What to do – Output the data in full. Keep every word exact and exclude the pictures.

Input records –
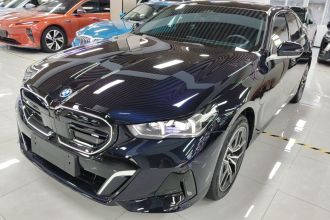 宝马i5 2025款 eDrive 40L M运动套装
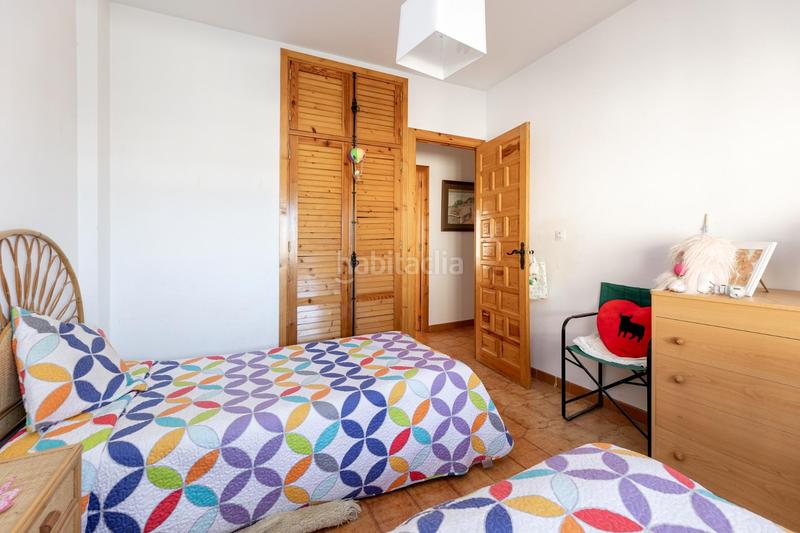 Foto 8005fdaf-f882-418a-a5c8-e321b09a17d1. Casa preciosa e intima casa en huetor vega a 3 minutos de granada en Huétor Vega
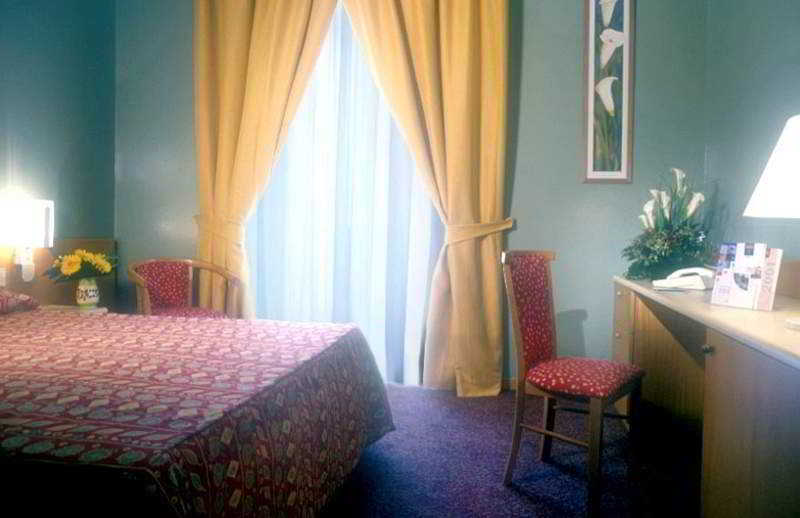 Mercure Napoli Centro Angioino Esterno foto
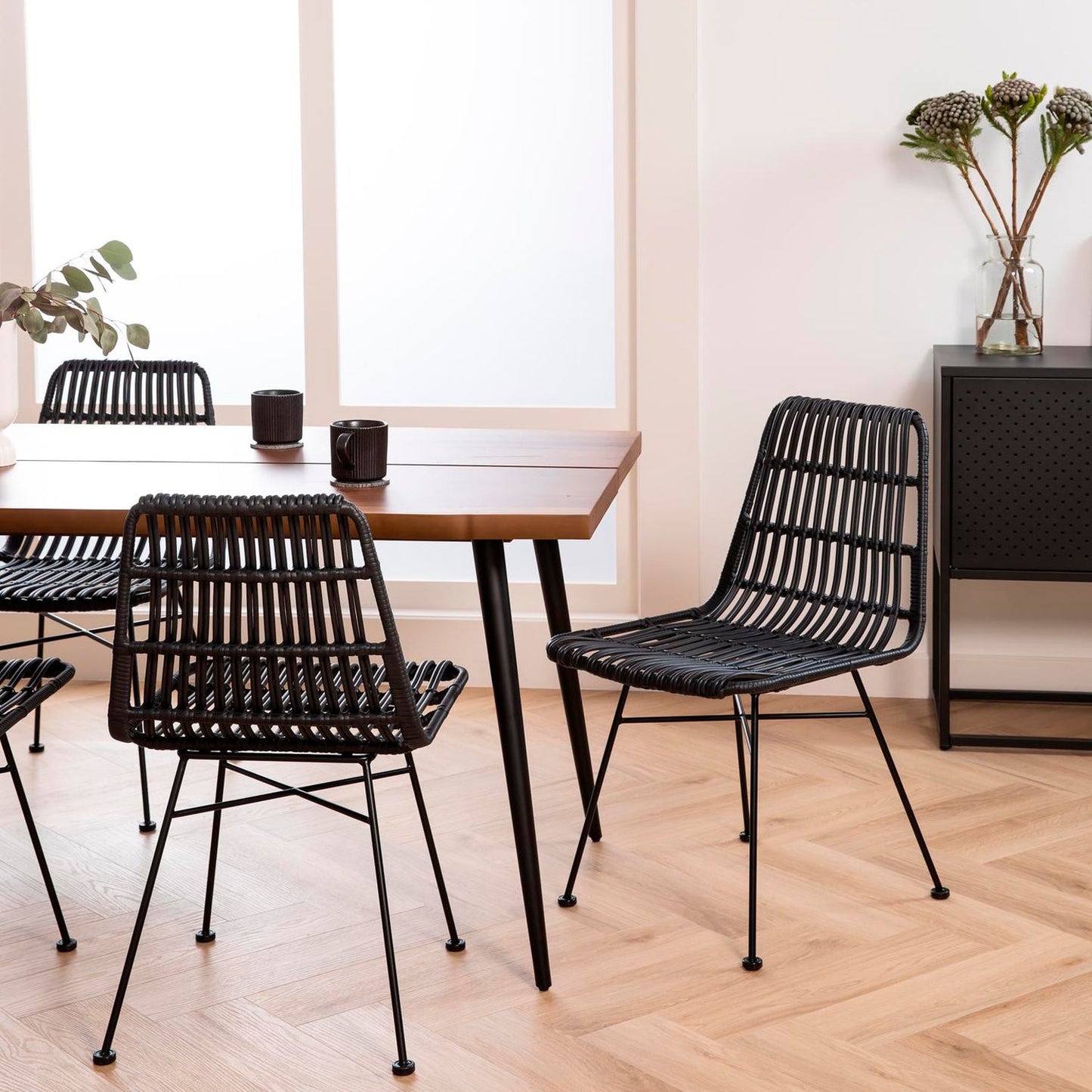 silla-comedor-terraza-ratan-creta-negro-form-design
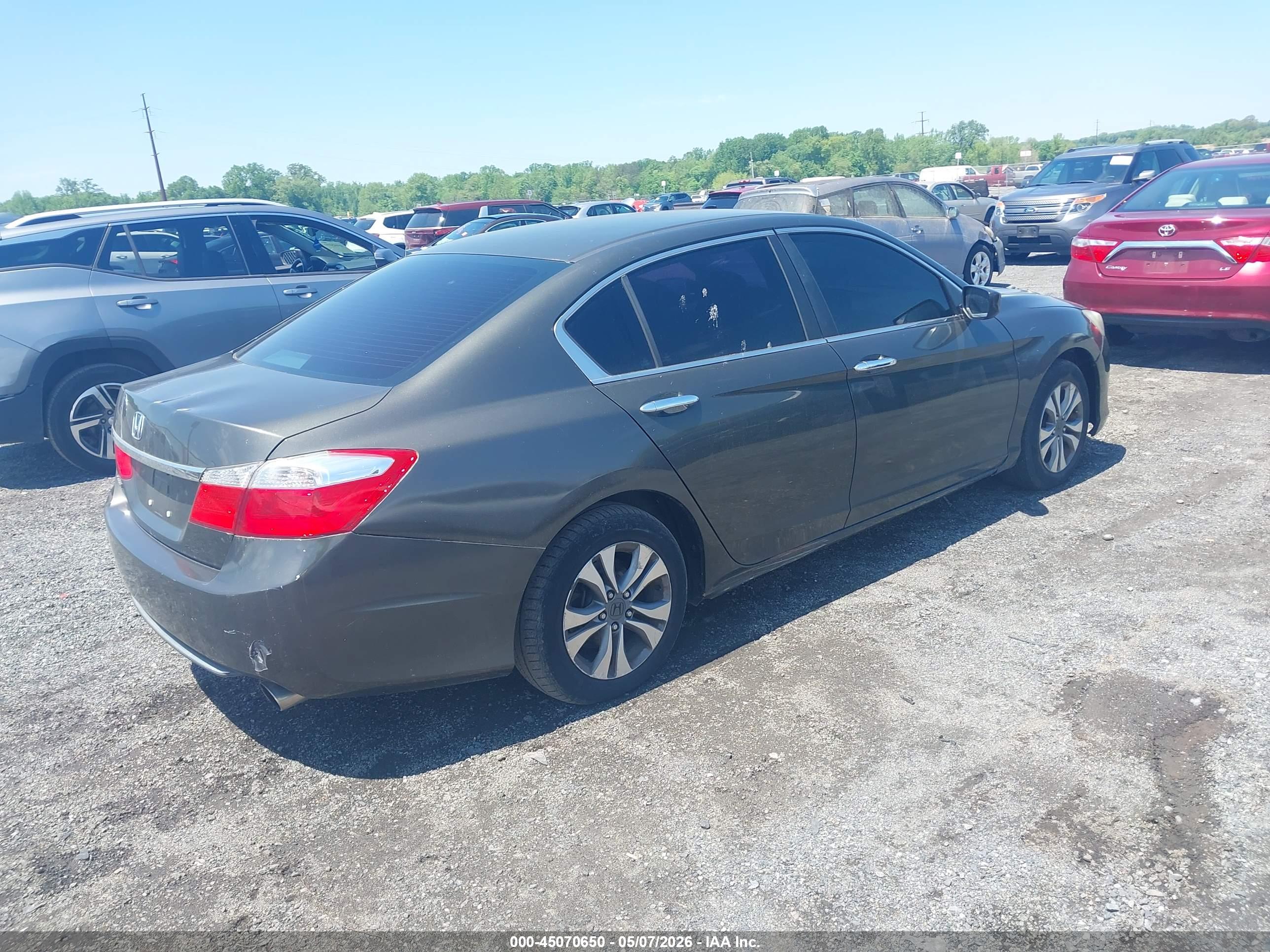 HONDA ACCORD image 4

Finished exercise –
 宝马i5 2025款 eDrive 40L M运动套装
 Foto 8005fdaf-f882-418a-a5c8-e321b09a17d1. Casa preciosa e intima casa en huetor vega a 3 minutos de granada en Huétor Vega
 Mercure Napoli Centro Angioino Esterno foto
 silla-comedor-terraza-ratan-creta-negro-form-design
 HONDA ACCORD image 4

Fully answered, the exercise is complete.